═══ RECORDS SUPPLIED ═══

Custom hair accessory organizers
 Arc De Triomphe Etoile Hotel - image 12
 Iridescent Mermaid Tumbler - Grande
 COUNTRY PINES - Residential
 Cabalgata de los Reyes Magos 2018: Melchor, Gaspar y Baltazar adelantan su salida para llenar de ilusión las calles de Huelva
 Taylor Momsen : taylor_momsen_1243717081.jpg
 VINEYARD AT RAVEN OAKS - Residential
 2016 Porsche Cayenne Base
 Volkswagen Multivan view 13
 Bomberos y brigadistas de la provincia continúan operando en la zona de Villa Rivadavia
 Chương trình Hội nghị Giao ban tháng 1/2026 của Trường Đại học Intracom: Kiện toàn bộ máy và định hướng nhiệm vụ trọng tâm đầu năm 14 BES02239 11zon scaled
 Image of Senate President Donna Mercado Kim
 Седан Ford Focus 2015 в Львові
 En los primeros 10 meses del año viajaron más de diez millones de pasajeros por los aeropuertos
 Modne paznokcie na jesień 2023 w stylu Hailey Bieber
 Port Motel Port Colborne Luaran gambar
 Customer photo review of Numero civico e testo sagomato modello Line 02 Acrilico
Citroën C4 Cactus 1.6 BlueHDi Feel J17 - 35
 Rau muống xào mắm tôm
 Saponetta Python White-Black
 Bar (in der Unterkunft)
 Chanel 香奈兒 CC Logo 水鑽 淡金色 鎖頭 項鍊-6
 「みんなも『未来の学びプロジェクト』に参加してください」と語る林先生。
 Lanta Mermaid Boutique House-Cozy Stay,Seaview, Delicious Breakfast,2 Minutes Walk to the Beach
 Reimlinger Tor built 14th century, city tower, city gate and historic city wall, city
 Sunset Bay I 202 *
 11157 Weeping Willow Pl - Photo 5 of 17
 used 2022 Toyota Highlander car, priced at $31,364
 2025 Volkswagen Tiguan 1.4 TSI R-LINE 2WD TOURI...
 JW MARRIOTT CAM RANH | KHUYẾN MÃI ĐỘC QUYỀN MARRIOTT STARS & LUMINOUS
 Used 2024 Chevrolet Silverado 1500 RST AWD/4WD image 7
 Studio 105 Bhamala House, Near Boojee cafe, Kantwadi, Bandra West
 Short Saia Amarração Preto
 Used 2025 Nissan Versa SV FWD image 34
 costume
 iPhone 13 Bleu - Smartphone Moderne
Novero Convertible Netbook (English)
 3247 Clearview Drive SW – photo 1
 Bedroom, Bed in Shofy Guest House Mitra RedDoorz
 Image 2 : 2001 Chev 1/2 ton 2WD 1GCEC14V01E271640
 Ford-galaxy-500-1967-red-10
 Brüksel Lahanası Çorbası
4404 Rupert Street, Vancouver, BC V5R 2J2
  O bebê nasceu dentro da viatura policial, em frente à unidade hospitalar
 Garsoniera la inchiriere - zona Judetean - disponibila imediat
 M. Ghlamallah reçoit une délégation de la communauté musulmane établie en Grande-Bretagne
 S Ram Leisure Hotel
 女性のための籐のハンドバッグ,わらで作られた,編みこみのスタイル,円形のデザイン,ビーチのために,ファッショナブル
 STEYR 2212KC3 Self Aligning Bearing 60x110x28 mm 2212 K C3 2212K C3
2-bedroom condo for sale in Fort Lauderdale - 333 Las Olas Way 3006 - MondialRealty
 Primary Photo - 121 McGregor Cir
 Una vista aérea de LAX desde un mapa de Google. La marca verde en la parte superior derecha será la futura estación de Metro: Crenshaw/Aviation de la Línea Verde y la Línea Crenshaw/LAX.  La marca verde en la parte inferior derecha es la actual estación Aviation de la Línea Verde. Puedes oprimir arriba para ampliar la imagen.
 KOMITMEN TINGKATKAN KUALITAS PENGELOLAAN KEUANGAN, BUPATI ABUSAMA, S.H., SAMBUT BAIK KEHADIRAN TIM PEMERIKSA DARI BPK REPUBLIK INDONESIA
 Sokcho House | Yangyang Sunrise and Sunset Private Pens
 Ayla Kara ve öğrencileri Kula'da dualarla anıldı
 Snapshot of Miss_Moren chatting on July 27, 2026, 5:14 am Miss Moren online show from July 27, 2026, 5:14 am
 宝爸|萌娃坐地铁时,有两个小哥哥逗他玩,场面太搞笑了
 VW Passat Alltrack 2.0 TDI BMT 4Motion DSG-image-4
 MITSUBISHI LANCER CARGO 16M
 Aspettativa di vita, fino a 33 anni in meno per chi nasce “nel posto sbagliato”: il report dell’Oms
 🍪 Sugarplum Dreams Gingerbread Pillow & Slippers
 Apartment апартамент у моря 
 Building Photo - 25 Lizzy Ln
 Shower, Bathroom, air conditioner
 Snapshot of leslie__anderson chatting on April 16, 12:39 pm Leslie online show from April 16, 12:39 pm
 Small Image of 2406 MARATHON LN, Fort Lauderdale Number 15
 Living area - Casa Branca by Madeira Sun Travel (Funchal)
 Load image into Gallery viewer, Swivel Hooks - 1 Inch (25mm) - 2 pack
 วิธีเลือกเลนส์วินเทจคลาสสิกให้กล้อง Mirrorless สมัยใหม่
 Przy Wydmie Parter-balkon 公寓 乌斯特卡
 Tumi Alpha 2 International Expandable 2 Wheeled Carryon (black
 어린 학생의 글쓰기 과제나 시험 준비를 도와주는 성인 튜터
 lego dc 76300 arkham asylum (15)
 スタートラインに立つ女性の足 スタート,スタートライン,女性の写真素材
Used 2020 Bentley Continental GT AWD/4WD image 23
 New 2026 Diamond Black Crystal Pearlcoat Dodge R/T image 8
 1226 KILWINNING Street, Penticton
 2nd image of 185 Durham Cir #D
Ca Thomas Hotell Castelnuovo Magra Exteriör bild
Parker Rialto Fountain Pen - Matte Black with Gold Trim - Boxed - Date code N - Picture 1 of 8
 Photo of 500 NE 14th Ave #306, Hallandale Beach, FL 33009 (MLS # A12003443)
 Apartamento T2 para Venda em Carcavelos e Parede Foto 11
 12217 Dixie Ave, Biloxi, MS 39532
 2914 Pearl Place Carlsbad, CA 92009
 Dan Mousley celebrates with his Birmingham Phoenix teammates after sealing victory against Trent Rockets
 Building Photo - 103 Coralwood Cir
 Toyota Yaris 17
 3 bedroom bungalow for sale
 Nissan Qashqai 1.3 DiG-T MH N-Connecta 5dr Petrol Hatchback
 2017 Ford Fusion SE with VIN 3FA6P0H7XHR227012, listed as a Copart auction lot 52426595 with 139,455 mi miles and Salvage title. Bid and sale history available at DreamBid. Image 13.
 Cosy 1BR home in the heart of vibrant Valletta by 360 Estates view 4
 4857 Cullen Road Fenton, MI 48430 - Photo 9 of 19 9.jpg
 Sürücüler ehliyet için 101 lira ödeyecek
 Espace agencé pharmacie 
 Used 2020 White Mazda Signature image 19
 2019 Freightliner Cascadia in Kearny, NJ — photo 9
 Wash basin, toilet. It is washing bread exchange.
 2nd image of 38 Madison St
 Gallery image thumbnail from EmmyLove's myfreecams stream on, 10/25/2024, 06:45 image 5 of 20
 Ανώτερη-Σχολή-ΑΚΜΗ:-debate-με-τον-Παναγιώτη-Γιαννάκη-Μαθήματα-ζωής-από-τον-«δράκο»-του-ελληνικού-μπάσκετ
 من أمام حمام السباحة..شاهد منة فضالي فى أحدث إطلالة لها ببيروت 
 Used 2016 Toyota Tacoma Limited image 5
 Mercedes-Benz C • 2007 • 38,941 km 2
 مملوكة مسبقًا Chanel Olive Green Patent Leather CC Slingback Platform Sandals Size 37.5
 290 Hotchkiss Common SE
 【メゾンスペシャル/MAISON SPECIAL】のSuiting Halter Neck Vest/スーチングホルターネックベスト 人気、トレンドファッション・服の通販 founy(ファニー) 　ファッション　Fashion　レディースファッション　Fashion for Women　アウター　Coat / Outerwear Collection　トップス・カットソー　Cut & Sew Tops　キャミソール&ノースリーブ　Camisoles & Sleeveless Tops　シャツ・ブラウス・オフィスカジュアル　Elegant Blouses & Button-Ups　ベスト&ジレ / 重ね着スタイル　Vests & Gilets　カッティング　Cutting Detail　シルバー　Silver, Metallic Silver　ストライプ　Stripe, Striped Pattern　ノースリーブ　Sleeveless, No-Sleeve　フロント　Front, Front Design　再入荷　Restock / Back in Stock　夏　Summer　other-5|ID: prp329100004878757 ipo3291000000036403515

═══

_PROBLEM_. From the records above, transcribe exactly the run of lines that opens with the line holding "2914 Pearl Place Carlsbad, CA 92009" and closes with the line holding "290 Hotchkiss Common SE", both included.

_OUTPUT_.
 2914 Pearl Place Carlsbad, CA 92009
 Dan Mousley celebrates with his Birmingham Phoenix teammates after sealing victory against Trent Rockets
 Building Photo - 103 Coralwood Cir
 Toyota Yaris 17
 3 bedroom bungalow for sale
 Nissan Qashqai 1.3 DiG-T MH N-Connecta 5dr Petrol Hatchback
 2017 Ford Fusion SE with VIN 3FA6P0H7XHR227012, listed as a Copart auction lot 52426595 with 139,455 mi miles and Salvage title. Bid and sale history available at DreamBid. Image 13.
 Cosy 1BR home in the heart of vibrant Valletta by 360 Estates view 4
 4857 Cullen Road Fenton, MI 48430 - Photo 9 of 19 9.jpg
 Sürücüler ehliyet için 101 lira ödeyecek
 Espace agencé pharmacie 
 Used 2020 White Mazda Signature image 19
 2019 Freightliner Cascadia in Kearny, NJ — photo 9
 Wash basin, toilet. It is washing bread exchange.
 2nd image of 38 Madison St
 Gallery image thumbnail from EmmyLove's myfreecams stream on, 10/25/2024, 06:45 image 5 of 20
 Ανώτερη-Σχολή-ΑΚΜΗ:-debate-με-τον-Παναγιώτη-Γιαννάκη-Μαθήματα-ζωής-από-τον-«δράκο»-του-ελληνικού-μπάσκετ
 من أمام حمام السباحة..شاهد منة فضالي فى أحدث إطلالة لها ببيروت 
 Used 2016 Toyota Tacoma Limited image 5
 Mercedes-Benz C • 2007 • 38,941 km 2
 مملوكة مسبقًا Chanel Olive Green Patent Leather CC Slingback Platform Sandals Size 37.5
 290 Hotchkiss Common SE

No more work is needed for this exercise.